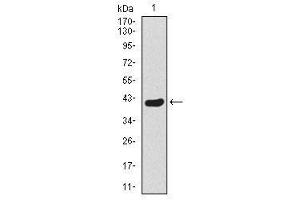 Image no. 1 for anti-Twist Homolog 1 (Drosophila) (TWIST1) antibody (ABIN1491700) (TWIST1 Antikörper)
...
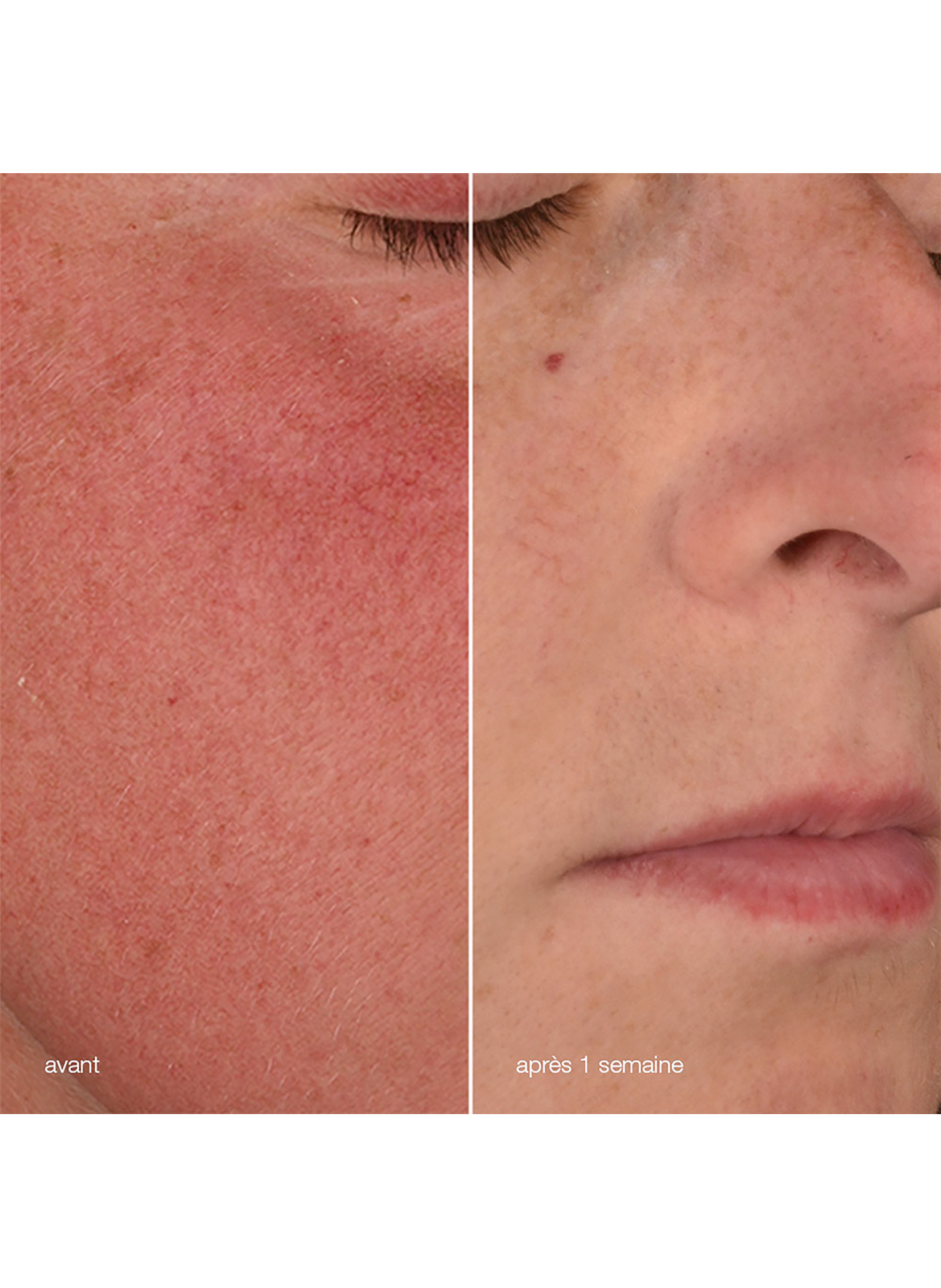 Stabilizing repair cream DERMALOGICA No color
==
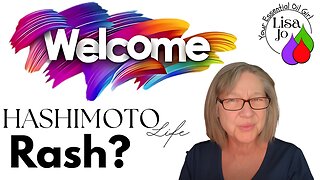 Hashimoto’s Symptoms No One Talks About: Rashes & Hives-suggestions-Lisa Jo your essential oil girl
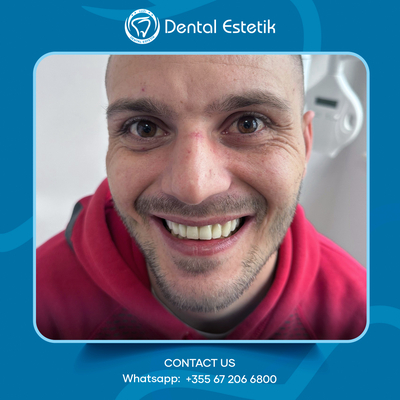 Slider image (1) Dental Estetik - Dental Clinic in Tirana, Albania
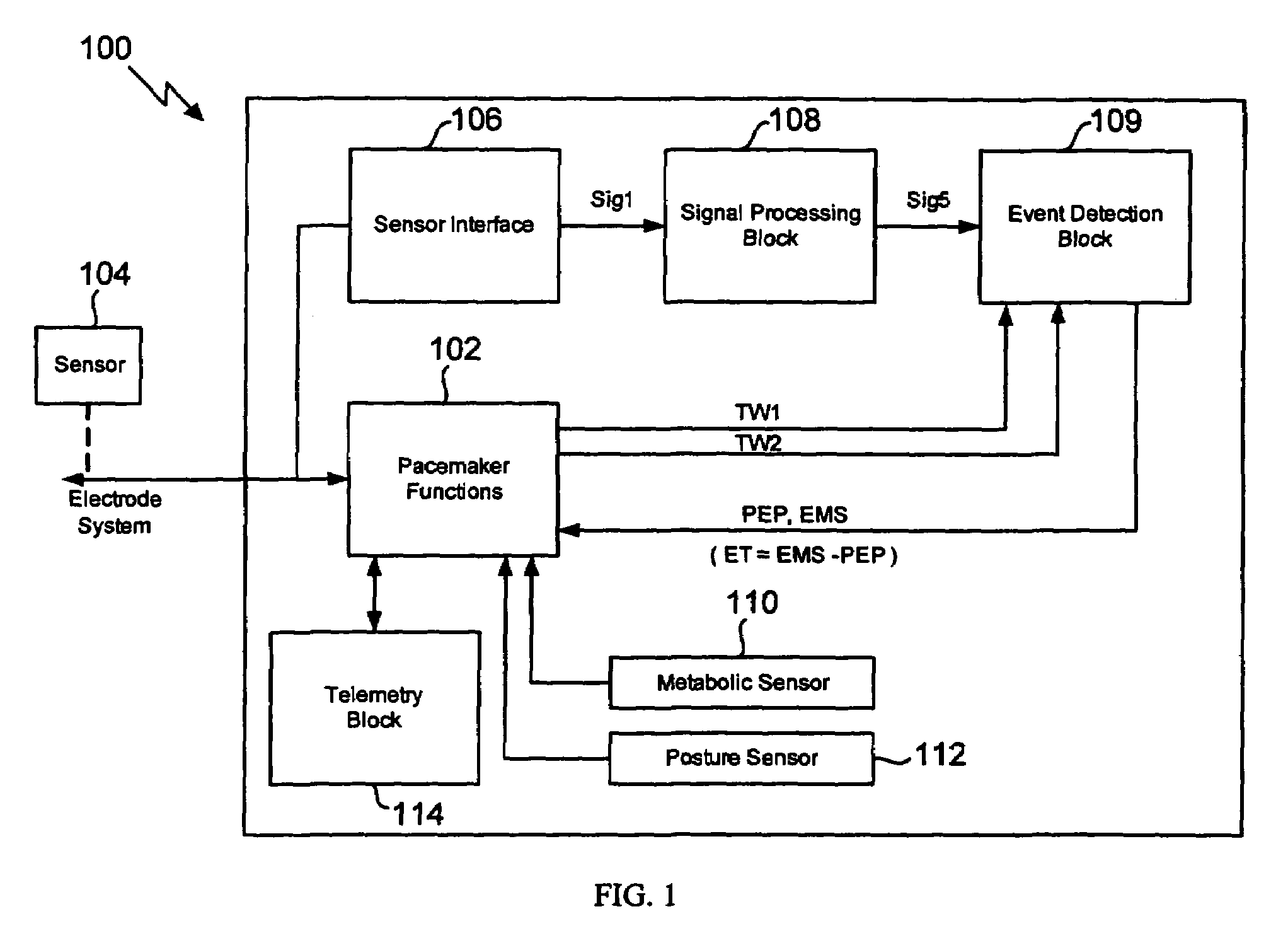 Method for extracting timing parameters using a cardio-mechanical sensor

ASSIGNMENT -
When copying from the data above, print only the lines from the line containing "Hashimoto’s Symptoms No" to the line containing "Method for extracting", exactly, and leave the pictures out.

WRITTEN RESPONSE -
 Hashimoto’s Symptoms No One Talks About: Rashes & Hives-suggestions-Lisa Jo your essential oil girl
 Slider image (1) Dental Estetik - Dental Clinic in Tirana, Albania
 Method for extracting timing parameters using a cardio-mechanical sensor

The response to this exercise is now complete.